* What this task involves *
Please restate word for word all lines from the one containing "Freestanding paper towel holder" to the final line of the entries, and include no pictures.

* Input for this task *
# # # #

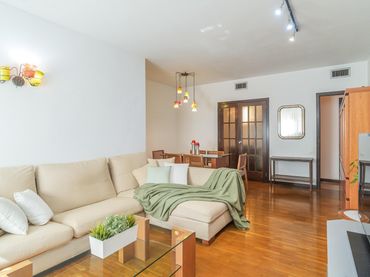 Piso con balcón en venta en Sarrià - Sant Gervasi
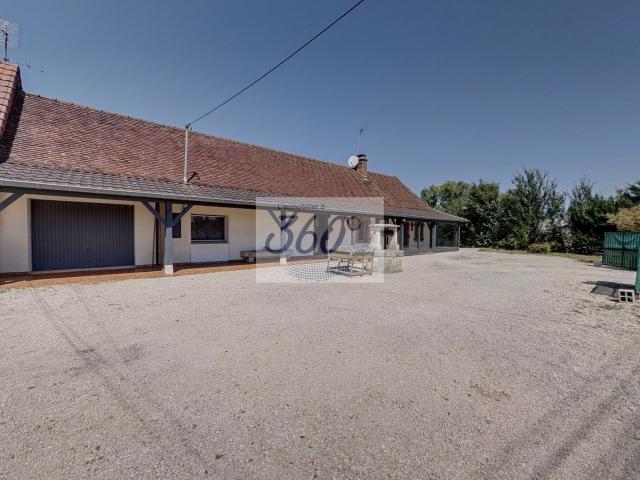 Maison location à Louhans-Châteaurenaud, Louhans
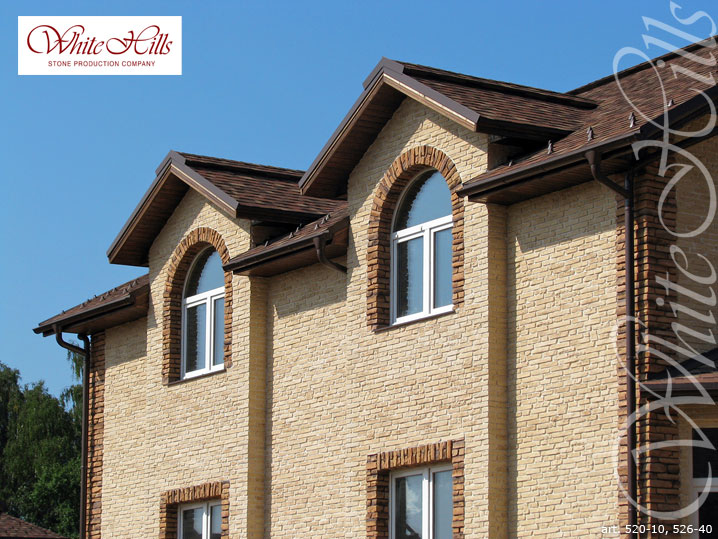 White Hills: Искусственный камень Лаутер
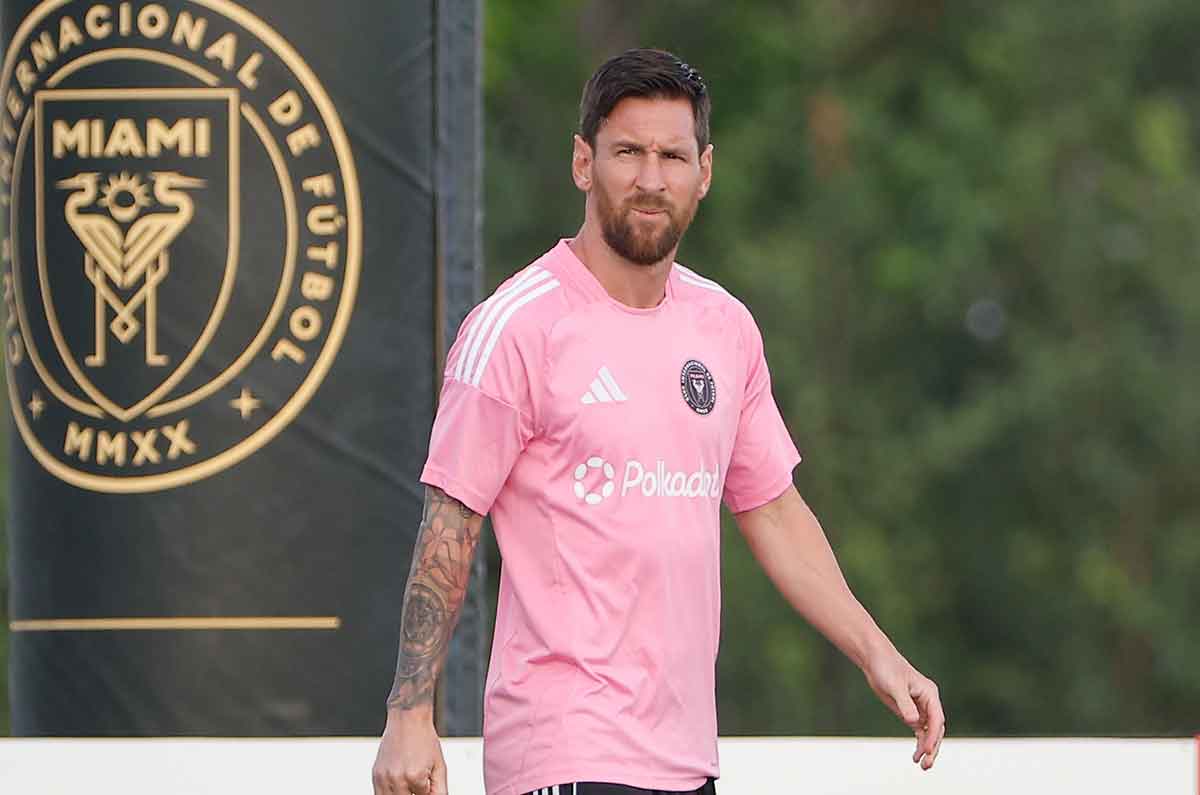 ¡Messi fue el primer campeón de la versión larga de la Leagues Cup!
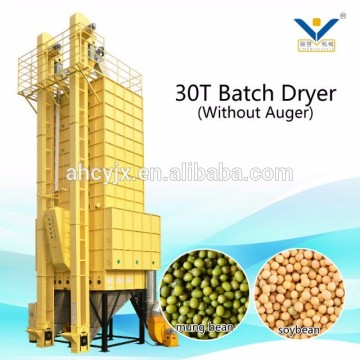 automatic temperature control maize drying machine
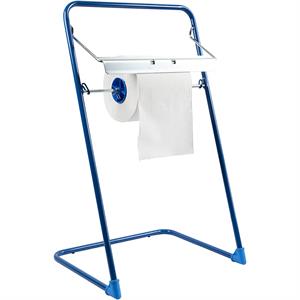 Freestanding paper towel holder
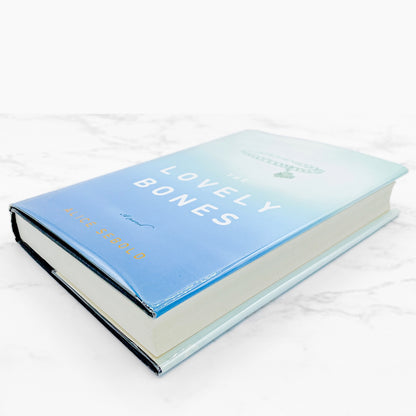 The Lovely Bones by Alice Sebold [FIRST BOOK CLUB PRINTING] 2002 • Little Brown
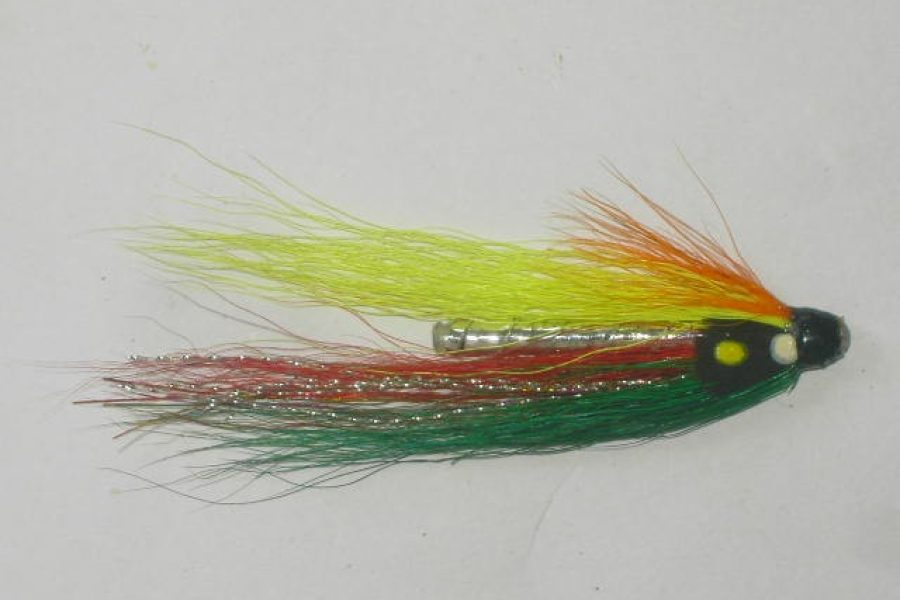 Tube fly 24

# # # #

* Task result *
 Freestanding paper towel holder
 The Lovely Bones by Alice Sebold [FIRST BOOK CLUB PRINTING] 2002 • Little Brown
 Tube fly 24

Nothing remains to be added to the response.